Five months later, The Times revealed that Labour Together had paid £36,000 to American public relations firm APCO to discredit journalist Gabriel Pogrund, and by extension The Sunday Times, by falsely suggesting its journalists might be part of a Russian conspiracy or had relied on emails hacked by the Russian government. Paul Holden was also investigated because he provided documents for the Sunday Times article. According to The Sunday Times, Labour Together commissioned APCO in November 2023 after The Sunday Times published a report on Labour Together's failure to declare £730,000 of donations between 2017 and 2020. APCO’s report was named "Operation Cannon", and was allegedly made with the full knowledge of Morgan McSweeney who was heavily criticised in the Sunday Times article. APCO’s report made various false claims about Pogrund's journalism, Jewish faith and relationships, whilst concluding that the emails that Pogrund had used in his article were leaked from Russian hacks. Neither Pogrund or Yorke were made aware of APCO’s investigations. A shortened version of APCO’s report was shared with British intelligence agency GCHQ, which declined to investigate the claims. The Public Relations and Communications Association launched an investigation into the incident in February 2026. Starmer ordered the Cabinet Office to investigate Josh Simons, who was head of Labour Together, over the claims that Labour Together had commissioned the report into a journalist's background. On 28 February, Simons resigned from his government postings over his involvement with Operation Cannon.

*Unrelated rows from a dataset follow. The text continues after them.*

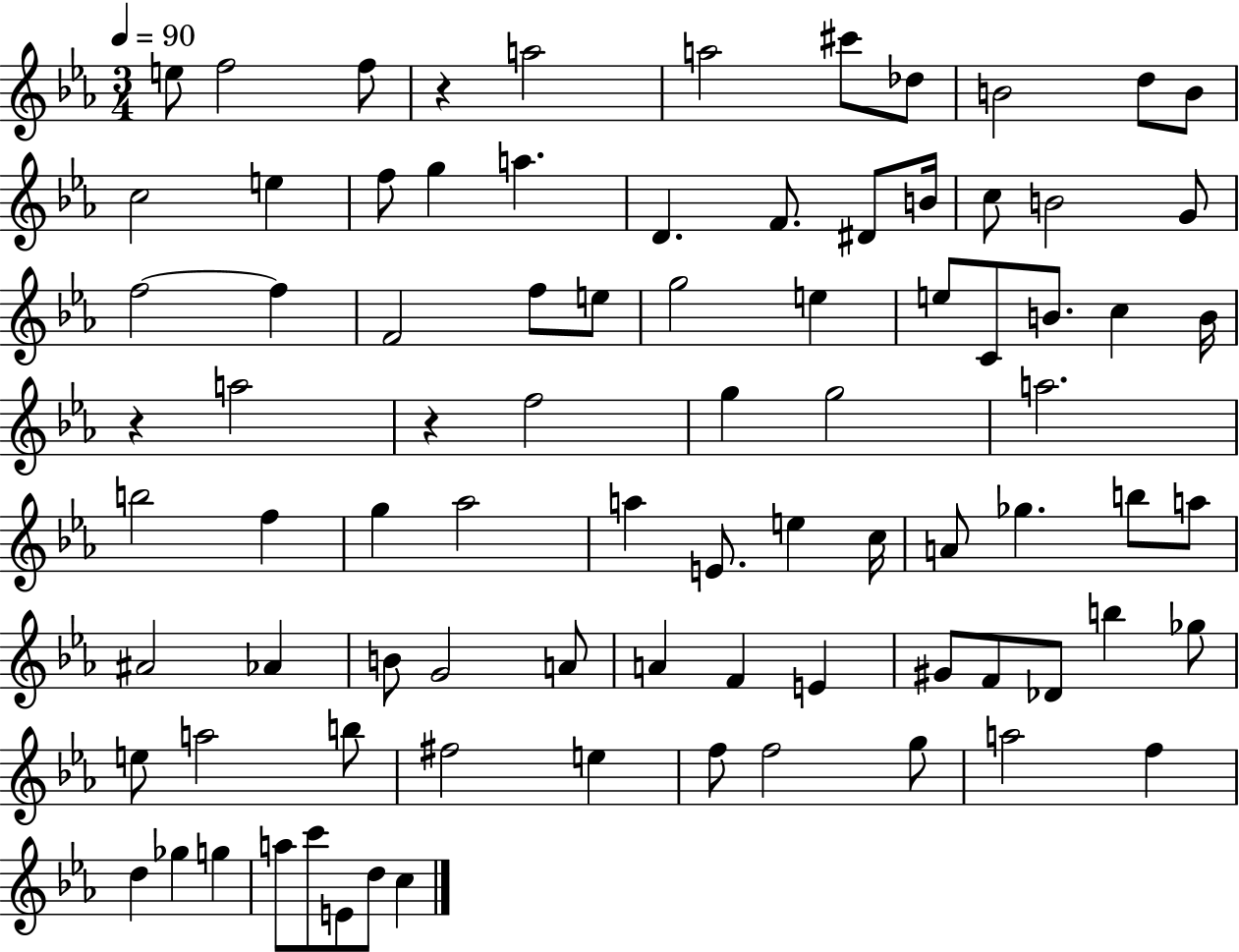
{
  \clef treble
  \numericTimeSignature
  \time 3/4
  \key ees \major
  \tempo 4 = 90
  e''8 f''2 f''8 | r4 a''2 | a''2 cis'''8 des''8 | b'2 d''8 b'8 | \break c''2 e''4 | f''8 g''4 a''4. | d'4. f'8. dis'8 b'16 | c''8 b'2 g'8 | \break f''2~~ f''4 | f'2 f''8 e''8 | g''2 e''4 | e''8 c'8 b'8. c''4 b'16 | \break r4 a''2 | r4 f''2 | g''4 g''2 | a''2. | \break b''2 f''4 | g''4 aes''2 | a''4 e'8. e''4 c''16 | a'8 ges''4. b''8 a''8 | \break ais'2 aes'4 | b'8 g'2 a'8 | a'4 f'4 e'4 | gis'8 f'8 des'8 b''4 ges''8 | \break e''8 a''2 b''8 | fis''2 e''4 | f''8 f''2 g''8 | a''2 f''4 | \break d''4 ges''4 g''4 | a''8 c'''8 e'8 d''8 c''4 | \bar "|."
}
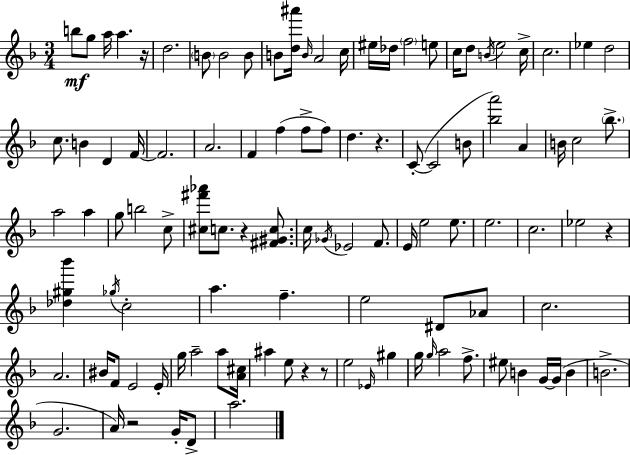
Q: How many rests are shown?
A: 7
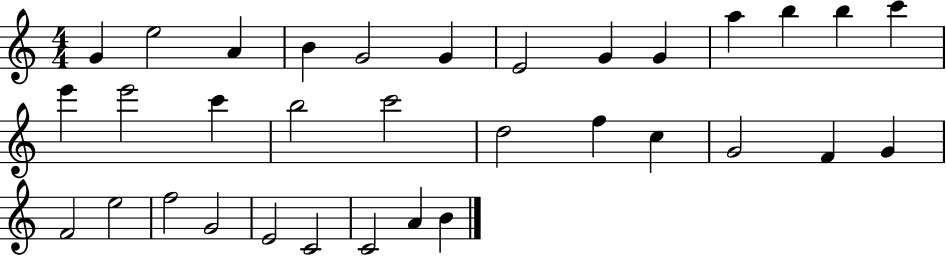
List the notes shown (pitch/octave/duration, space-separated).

G4/q E5/h A4/q B4/q G4/h G4/q E4/h G4/q G4/q A5/q B5/q B5/q C6/q E6/q E6/h C6/q B5/h C6/h D5/h F5/q C5/q G4/h F4/q G4/q F4/h E5/h F5/h G4/h E4/h C4/h C4/h A4/q B4/q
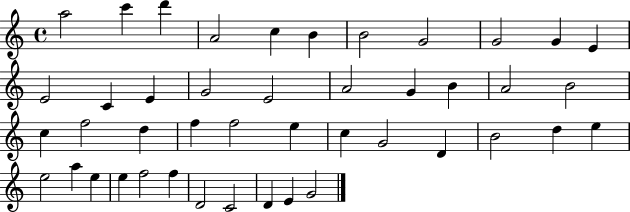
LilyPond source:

{
  \clef treble
  \time 4/4
  \defaultTimeSignature
  \key c \major
  a''2 c'''4 d'''4 | a'2 c''4 b'4 | b'2 g'2 | g'2 g'4 e'4 | \break e'2 c'4 e'4 | g'2 e'2 | a'2 g'4 b'4 | a'2 b'2 | \break c''4 f''2 d''4 | f''4 f''2 e''4 | c''4 g'2 d'4 | b'2 d''4 e''4 | \break e''2 a''4 e''4 | e''4 f''2 f''4 | d'2 c'2 | d'4 e'4 g'2 | \break \bar "|."
}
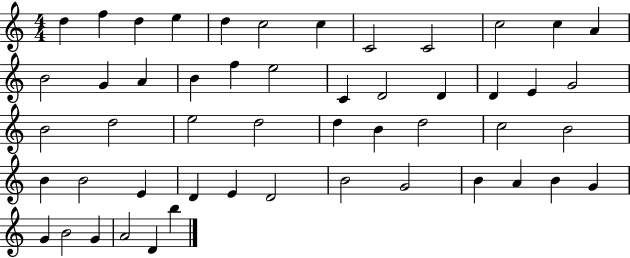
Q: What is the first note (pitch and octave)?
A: D5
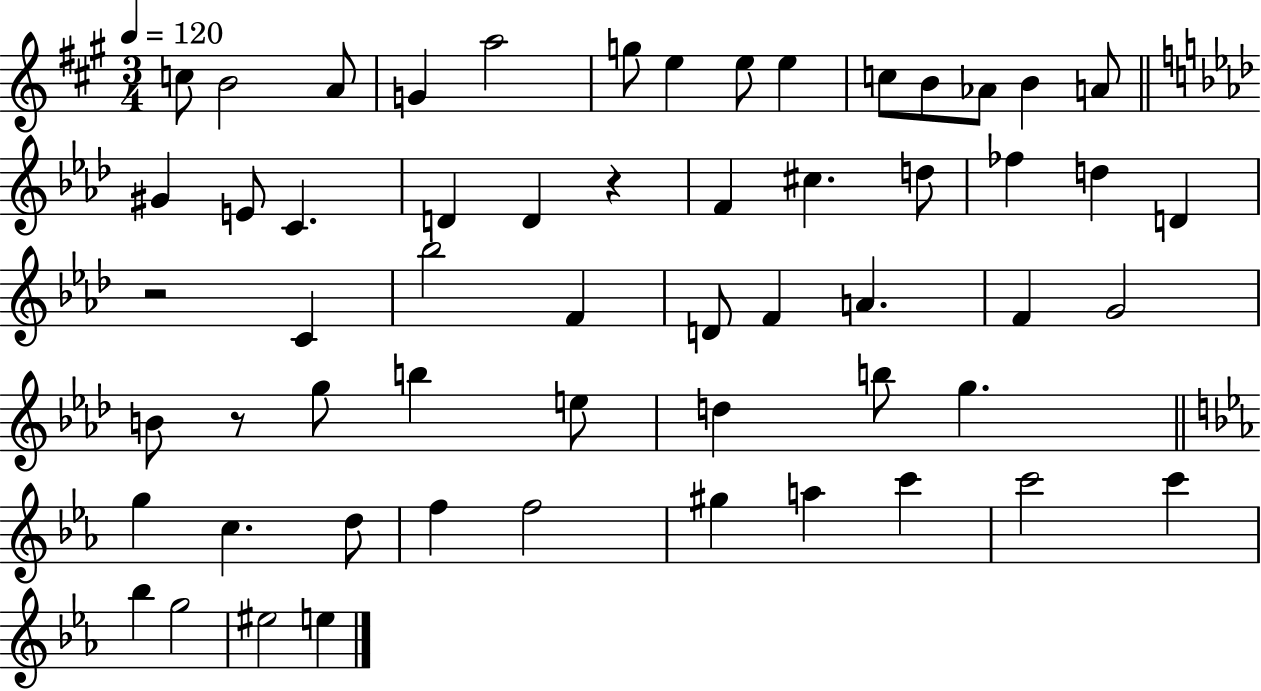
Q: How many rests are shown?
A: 3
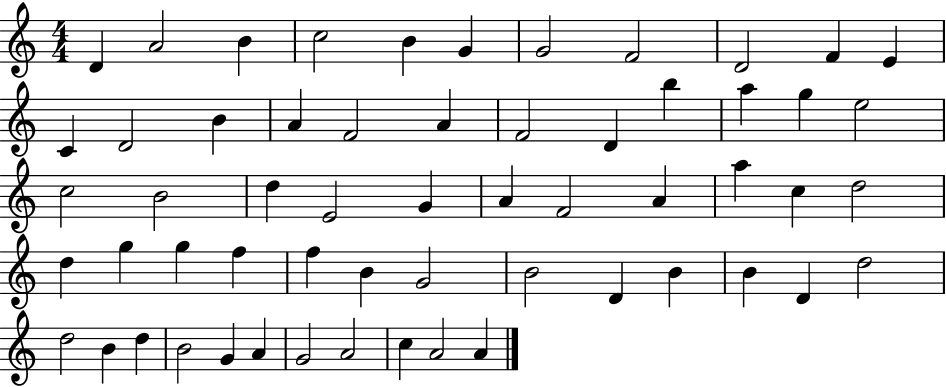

=== 2026 rebrand: ThinkLabour ===
Labour Together received a fine of £14,250 for over 20 breaches of electoral law. In response, it was announced in April 2026 that the think tank would completely overhaul its operations and change its name to ThinkLabour. Chief executive Alison Phillips stated that ThinkLabour would no longer donate to individual MPs, endorse candidates or second its staff into ministerial offices. The rebrand officially took effect in May 2026.